8.5/10 “Best New Music” from Ryan Dombal at Pitchfork Media:
“Bush continues to infuse her narratives with a beguiling complexity while retaining some old-school directness. Because while most of this album’s songs can be easily summarized … they contain wondrous multitudes thanks to the singer’s still-expressive voice and knack for uncanny arrangements. And mood. There’s an appealing creepiness that runs through this album, one that recalls the atmospheric and conceptual back half of her 1985 masterpiece Hounds of Love. Indeed, when considering this singular artist in 2011, it’s difficult to think of worthy points of reference aside from Bush herself … In an interview earlier this year, the 53-year-old Bush told me she doesn’t listen to much new music, and after listening to the stunningly subtle and understated sounds on Snow, it’s easy to believe her … This is an album about trying, oftentimes futilely, to find connections– between Bush and her characters, reality and surreality, love and death … While much of 50 Words for Snow conjures a whited-out, dream-like state of disbelief, it’s important to note that Bush does everything in her power to make all the shadowy phantoms here feel real. Her best music, this album included, has the effect of putting one in the kind of treasured, child-like space– not so much innocent as open to imagination– that never gets old … Snow isn’t a blissful retreat to simpler times, though. It’s fraught with endings, loss, quiet– adult things. This is more than pure fantasy.”
“There’s an appealing creepiness that runs through this album, one that recalls the atmospheric and conceptual back half of her 1985 masterpiece Hounds of Love. ”
I really hope so. But The Ninth Wave and Sky of Honey were conceptual in that each track followed into the next as a narrative. Is 50 Words like that? Or are they more like a themed collection of songs, as Kate described ‘The Sensual World’?
We’ve had ‘the Irish Wolfhounds of Love’ so is this ‘the Tenth Wave’?
Hmmm, a good review from Pitchfork. Unexpected. They rated Aerial pretty low… 6.4.
Another critic this time knows how to appreciate Kate. Good, I was afraid that Pitchfork was going te be shallow and almost concidered them ‘hasbeens’ after the Aerial review.
Oh there really is “an appealing creepiness” running through it. Listening all the way through is an incredible experience. It has everything; foreboding passages, gorgeous playful light-fingered intervals, pauses, dissonance to signal danger, lyrics like “dead leaves” and “twisted” and “crushed” repeated and foregrounded, and made beautiful, all adding to a bewitching mix. Even the playful ’50 Words for Snow’ has a hint of menace, with KB’s throaty demands and drumming reminicent of the driving power of the Stones Sympathy…And, oh, the images it conjures up, the blood-stained (Powell-red) snow in Misty, the ghost rising from Lake Tahoe, like the Lady of the Lake, and the burning of Rome. This album will be talked about for decades.
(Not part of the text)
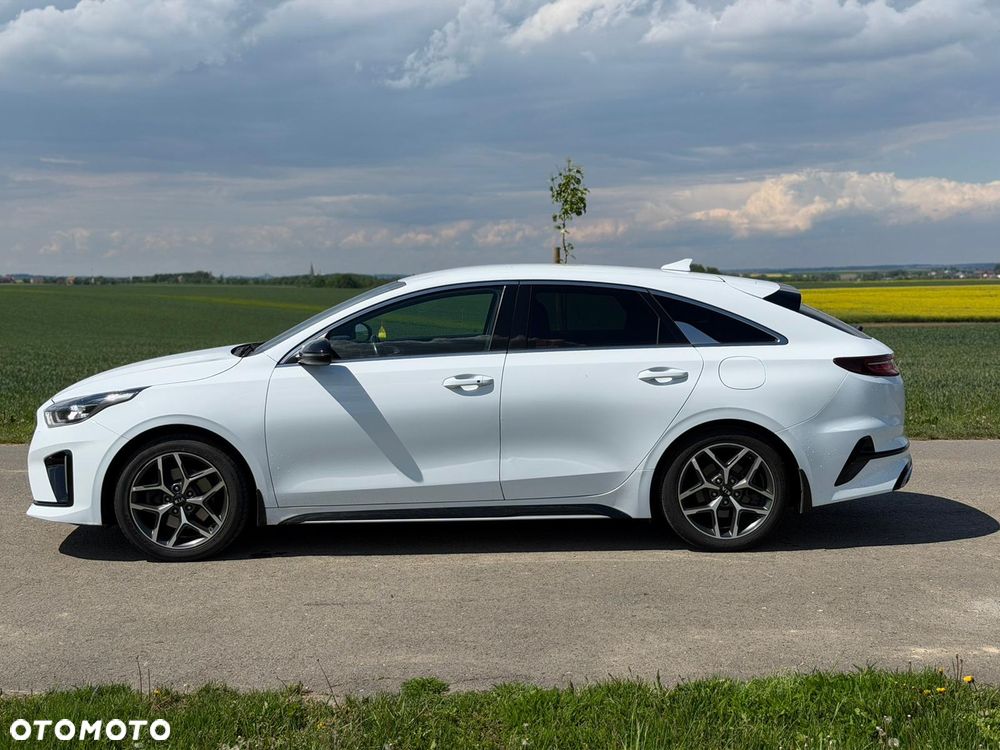 Kia ProCeed 1.6 CRDi GT Line DCT - 4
The very last line of this review is something that none of the other critics have picked up on: snow can be just as dangerous as it is beautiful. Lake Tahoe is one of those places where people blithely go out to ski for an afternoon, step off the trail for a moment, and their bones are found 20 years later in a nearby gulley. The Sierra Nevada are unforgiving to the careless, and full of ghosts.
Just bought the CD. It was the first one hmv sold in 2 days! They weren’t allowed toplay it in store….prob because its music that requires listening to and not background musac.It sounds great in the car..has a calming soothing effect when drivng and you are completely enveloped in kates world.